Problem statement: Copy out, exactly, the first line of the entries below and every line after it through the one containing "Tym Family Crest".

Information given Start Marker

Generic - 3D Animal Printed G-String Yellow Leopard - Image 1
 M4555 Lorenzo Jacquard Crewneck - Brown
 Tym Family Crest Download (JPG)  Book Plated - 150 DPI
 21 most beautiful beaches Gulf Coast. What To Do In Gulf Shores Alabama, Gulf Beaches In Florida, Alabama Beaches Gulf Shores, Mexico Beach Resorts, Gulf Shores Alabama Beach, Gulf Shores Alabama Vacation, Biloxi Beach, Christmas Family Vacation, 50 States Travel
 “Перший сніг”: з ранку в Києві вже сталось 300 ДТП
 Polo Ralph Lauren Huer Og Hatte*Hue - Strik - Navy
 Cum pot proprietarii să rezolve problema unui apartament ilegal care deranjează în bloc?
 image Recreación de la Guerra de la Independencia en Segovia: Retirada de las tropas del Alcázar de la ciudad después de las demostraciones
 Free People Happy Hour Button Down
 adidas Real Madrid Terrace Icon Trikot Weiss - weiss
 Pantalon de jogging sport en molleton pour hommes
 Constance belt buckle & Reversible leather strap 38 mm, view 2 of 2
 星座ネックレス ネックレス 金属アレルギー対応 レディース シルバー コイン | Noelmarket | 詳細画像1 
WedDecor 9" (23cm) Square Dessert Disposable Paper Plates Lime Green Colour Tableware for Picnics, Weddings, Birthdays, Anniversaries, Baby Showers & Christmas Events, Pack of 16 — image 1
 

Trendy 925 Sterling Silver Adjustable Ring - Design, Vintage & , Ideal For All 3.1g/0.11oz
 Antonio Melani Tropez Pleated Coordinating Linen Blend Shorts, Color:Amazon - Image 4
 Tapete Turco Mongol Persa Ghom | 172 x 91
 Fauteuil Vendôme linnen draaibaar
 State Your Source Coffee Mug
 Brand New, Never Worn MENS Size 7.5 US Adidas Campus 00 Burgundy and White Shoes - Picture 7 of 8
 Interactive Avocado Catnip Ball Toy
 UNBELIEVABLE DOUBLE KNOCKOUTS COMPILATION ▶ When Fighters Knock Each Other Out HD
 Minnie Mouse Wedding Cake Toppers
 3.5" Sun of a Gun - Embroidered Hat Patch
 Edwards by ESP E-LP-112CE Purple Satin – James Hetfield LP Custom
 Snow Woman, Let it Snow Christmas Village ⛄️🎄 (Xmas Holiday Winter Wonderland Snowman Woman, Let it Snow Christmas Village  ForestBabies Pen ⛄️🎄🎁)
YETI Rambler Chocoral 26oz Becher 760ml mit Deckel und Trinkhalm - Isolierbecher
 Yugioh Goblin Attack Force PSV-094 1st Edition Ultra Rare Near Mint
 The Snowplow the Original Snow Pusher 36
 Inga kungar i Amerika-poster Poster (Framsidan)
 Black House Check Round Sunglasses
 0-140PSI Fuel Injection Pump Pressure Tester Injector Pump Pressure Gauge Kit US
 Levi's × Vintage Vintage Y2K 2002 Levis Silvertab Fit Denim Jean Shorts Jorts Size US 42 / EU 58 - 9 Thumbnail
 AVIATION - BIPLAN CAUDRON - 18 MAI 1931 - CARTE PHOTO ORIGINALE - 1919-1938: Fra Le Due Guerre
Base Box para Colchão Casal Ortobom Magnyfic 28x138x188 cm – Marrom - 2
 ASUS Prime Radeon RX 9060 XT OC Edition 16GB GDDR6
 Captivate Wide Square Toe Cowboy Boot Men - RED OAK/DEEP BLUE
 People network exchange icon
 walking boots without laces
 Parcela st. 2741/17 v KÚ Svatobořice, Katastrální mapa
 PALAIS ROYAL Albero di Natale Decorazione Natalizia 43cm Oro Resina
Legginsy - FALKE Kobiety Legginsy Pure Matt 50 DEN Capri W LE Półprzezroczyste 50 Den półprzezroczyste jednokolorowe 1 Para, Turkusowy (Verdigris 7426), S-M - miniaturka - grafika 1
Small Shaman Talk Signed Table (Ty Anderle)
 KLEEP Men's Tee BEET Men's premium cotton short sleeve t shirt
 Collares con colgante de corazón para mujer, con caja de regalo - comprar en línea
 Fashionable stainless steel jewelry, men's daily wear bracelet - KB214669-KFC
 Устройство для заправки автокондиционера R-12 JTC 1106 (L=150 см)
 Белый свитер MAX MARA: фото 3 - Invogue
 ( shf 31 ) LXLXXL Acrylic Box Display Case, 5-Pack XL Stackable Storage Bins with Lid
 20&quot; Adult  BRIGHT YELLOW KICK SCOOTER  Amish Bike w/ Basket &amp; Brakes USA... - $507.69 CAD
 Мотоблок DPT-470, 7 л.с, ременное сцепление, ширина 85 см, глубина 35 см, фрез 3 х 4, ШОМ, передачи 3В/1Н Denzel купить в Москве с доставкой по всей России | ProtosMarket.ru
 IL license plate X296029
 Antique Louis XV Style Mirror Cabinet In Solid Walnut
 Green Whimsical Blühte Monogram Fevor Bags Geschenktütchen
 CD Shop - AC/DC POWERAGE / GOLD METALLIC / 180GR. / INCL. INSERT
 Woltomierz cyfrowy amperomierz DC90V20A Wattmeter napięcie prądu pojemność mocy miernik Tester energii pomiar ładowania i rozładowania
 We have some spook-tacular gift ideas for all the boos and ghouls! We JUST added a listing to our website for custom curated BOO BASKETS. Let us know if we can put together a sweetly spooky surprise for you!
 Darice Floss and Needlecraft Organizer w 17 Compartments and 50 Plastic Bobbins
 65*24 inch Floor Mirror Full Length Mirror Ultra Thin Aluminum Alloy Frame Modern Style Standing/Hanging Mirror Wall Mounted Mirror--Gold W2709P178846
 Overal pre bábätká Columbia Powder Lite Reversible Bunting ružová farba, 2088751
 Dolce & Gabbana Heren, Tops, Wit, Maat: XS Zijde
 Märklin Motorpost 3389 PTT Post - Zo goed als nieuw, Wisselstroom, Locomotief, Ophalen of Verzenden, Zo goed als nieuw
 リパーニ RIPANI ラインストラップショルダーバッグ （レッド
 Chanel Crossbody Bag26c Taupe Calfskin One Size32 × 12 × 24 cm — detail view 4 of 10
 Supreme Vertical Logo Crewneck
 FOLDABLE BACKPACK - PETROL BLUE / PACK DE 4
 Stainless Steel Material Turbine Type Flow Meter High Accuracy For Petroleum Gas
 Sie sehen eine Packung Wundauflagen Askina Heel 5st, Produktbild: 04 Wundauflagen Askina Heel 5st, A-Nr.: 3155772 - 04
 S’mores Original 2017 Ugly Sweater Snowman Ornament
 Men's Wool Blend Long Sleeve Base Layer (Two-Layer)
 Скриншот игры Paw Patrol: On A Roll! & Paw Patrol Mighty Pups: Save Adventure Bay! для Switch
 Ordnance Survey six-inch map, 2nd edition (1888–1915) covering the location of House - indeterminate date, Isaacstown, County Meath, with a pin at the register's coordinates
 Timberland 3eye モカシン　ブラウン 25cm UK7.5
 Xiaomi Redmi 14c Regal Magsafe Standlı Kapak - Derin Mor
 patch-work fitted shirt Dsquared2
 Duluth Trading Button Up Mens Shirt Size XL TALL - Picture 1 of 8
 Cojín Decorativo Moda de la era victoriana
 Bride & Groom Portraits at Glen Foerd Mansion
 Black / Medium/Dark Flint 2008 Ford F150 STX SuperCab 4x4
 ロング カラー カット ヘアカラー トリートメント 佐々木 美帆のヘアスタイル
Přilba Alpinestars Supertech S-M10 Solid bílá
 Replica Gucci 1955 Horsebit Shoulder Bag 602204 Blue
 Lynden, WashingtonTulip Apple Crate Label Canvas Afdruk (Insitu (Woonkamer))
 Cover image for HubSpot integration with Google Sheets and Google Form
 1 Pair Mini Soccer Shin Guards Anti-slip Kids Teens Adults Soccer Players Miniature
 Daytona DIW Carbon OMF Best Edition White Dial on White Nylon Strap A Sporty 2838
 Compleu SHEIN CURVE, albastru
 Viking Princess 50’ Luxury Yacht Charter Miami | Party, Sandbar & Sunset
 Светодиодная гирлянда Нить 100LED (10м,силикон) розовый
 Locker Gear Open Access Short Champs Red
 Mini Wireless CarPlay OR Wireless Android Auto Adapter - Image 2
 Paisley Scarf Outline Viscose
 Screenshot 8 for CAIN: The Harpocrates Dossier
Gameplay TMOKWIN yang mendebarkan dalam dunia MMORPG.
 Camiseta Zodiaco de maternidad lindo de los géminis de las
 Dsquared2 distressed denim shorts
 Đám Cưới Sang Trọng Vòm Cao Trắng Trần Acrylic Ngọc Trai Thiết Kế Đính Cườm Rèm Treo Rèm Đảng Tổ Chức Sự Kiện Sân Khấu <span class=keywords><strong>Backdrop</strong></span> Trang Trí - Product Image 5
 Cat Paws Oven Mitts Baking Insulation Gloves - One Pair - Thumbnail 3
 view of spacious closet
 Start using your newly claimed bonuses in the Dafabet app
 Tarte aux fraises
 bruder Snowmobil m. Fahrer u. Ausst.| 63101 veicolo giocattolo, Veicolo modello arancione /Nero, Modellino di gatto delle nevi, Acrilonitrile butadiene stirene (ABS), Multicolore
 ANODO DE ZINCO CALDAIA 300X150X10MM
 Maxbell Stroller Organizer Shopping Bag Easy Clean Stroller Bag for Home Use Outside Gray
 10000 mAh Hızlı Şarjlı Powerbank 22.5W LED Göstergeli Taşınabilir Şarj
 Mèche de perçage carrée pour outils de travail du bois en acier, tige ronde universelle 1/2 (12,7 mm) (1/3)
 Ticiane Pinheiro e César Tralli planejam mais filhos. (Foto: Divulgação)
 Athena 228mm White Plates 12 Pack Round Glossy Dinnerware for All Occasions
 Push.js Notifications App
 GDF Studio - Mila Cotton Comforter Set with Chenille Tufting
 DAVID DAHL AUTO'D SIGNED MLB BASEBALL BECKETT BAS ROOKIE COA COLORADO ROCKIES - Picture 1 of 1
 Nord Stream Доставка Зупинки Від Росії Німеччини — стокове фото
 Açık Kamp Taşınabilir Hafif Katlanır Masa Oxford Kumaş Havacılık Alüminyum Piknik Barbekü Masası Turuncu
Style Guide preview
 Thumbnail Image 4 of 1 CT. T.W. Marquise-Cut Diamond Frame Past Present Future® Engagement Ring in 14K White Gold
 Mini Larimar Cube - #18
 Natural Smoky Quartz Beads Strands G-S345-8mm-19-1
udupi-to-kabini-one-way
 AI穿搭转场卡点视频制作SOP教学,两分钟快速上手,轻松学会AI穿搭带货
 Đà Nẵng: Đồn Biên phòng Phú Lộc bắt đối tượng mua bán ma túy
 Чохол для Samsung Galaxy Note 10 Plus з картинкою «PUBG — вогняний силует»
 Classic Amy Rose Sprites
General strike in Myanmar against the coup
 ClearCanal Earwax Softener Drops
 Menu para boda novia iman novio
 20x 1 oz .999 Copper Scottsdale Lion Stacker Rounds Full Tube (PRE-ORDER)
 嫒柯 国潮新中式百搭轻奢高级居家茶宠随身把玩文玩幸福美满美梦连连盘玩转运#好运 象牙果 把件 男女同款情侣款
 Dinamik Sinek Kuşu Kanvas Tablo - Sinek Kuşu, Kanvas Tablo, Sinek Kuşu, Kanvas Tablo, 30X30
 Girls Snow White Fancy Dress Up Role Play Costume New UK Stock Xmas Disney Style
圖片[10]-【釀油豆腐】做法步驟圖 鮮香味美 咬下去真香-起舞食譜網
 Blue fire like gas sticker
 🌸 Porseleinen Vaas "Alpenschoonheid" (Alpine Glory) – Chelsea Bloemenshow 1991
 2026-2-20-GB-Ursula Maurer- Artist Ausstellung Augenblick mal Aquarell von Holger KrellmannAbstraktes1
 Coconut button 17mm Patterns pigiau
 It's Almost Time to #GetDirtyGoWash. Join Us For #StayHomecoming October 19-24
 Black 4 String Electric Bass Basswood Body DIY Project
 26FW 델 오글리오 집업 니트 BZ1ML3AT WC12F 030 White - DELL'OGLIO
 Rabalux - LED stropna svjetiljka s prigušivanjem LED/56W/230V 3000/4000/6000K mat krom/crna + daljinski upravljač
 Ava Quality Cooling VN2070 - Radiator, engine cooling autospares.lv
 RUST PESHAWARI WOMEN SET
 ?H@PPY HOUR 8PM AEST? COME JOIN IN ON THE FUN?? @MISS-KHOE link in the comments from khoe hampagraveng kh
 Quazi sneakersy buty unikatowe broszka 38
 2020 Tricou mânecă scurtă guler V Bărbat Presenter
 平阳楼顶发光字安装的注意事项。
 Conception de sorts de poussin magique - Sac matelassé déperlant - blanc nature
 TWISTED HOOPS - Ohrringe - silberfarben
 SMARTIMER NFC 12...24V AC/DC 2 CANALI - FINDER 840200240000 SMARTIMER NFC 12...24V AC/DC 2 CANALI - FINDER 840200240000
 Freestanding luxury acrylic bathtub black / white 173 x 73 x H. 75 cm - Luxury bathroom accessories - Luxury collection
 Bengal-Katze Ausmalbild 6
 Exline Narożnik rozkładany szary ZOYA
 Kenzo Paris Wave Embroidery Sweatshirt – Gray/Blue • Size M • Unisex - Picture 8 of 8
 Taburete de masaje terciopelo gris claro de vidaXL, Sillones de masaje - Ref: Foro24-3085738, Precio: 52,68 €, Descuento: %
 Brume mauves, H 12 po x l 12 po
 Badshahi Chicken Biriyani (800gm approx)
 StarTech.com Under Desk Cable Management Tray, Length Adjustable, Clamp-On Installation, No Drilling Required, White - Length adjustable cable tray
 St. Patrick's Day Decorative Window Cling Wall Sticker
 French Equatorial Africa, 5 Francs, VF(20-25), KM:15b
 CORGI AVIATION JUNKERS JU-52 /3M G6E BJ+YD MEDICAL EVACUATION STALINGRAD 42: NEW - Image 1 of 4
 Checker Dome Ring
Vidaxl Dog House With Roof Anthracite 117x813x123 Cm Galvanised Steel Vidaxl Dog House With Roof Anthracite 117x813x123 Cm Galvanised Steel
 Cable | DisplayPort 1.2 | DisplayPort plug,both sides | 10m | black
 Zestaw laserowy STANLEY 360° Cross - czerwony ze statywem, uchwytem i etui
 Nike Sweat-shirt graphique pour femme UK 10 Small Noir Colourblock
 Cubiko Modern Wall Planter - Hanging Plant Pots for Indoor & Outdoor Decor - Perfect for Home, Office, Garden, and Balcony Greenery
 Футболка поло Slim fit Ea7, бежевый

Information given End Marker

Exercise output:
Generic - 3D Animal Printed G-String Yellow Leopard - Image 1
 M4555 Lorenzo Jacquard Crewneck - Brown
 Tym Family Crest Download (JPG)  Book Plated - 150 DPI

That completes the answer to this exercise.